Queued Spinlocks in the WRK
Windows Research Kernel @ HPIA few days ago, we came up with a discussion on the advantages of queued spinlocks over normal spinlocks. The biggest advantage in our oppinion is that queued spinlocks guarantee a FIFO ordering among competing processors while normal spinlocks don't. In this article, we show the implementation of queued spinlocks in the WRK. We present the source code of the 64-bit version for two reasons: first, the 64-bit version contains the implementation in plain C and not in the Assembly language, and second, in the 32-bit version, queued spinlocks are implemented in the HAL, which is not available as source code. The rational behind the implementation remains however the same.

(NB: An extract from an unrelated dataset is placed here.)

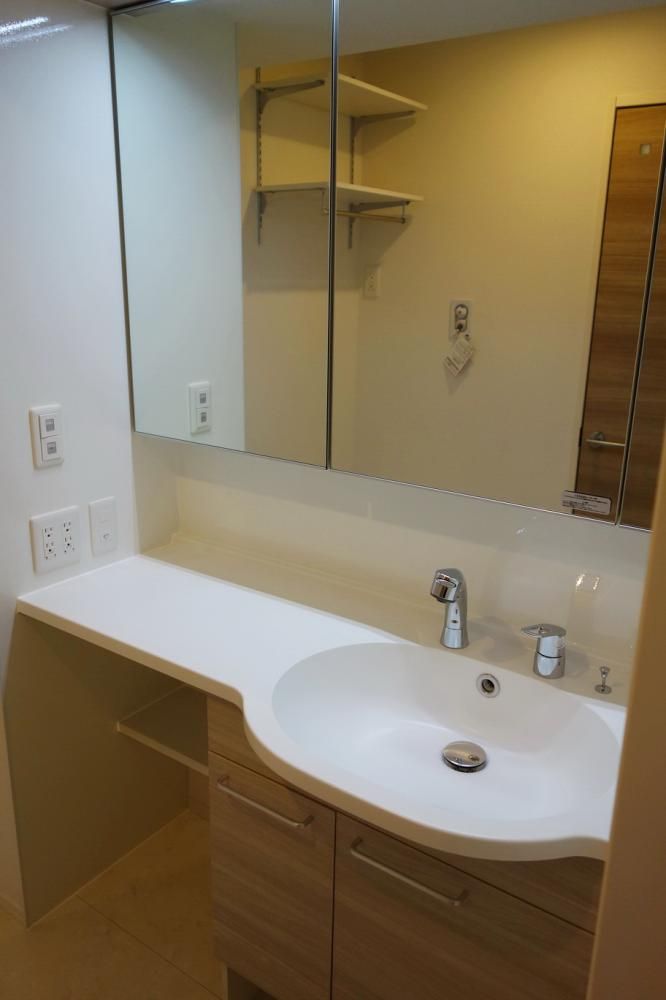 �y���ʏ��z�@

Queued spinlocks come in two flavors in the WRK: numbered queued spinlocks and in stack queued spinlocks. In this article, we will only cover the latter as those are part of the exposed kernel API and can as well be used by driver developers.
The basic idea of a queued spinlock is that all competing CPUs or cores form a queue and upon release the first core gets the lock. Queued spinlocks use the following fundamental data structures:
typedef struct _KSPIN_LOCK_QUEUE { struct _KSPIN_LOCK_QUEUE * volatile Next; PKSPIN_LOCK volatile Lock; } KSPIN_LOCK_QUEUE, *PKSPIN_LOCK_QUEUE; typedef struct _KLOCK_QUEUE_HANDLE { KSPIN_LOCK_QUEUE LockQueue; KIRQL OldIrql; } KLOCK_QUEUE_HANDLE, *PKLOCK_QUEUE_HANDLE;
The KSPIN_LOCK_QUEUE
data structure is defined in
the public\inc\sdk\ntkeapi.h file, so it comes with
every Windows Driver Development Kit. We will come to the meaning of
those fields a bit later.
The WRK and later Windows versions expose the following API for in stack queued spinlocks (for a complete list on the synchronization API please click here):
KeAcquireInStackQueuedSpinLock
KeAcquireInStackQueuedSpinLockAtDpcLevel
KeReleaseInStackQueuedSpinLock
KeReleaseInStackQueuedSpinLockFromDpcLevel
In the XxxDpcLevel
functions, the WRK will not
change the IRQL. So, if your driver or kernel code is already
executing at an IRQL of DPC or higher, you may want to use those
API. Otherwise the WRK first raises the IRQL to DPC level on
acquisition and lowers it to the previous level upon release. As
raising and lowering the IRQL is not of interest here, we only cover
the XxxDpcLevel
functions.
Acquiring a Queued Spinlock
The signature for acquiring a queud spinlock is as follows:
VOID KeAcquireInStackQueuedSpinLockAtDpcLevel ( __inout PKSPIN_LOCK SpinLock, __out PKLOCK_QUEUE_HANDLE LockHandle )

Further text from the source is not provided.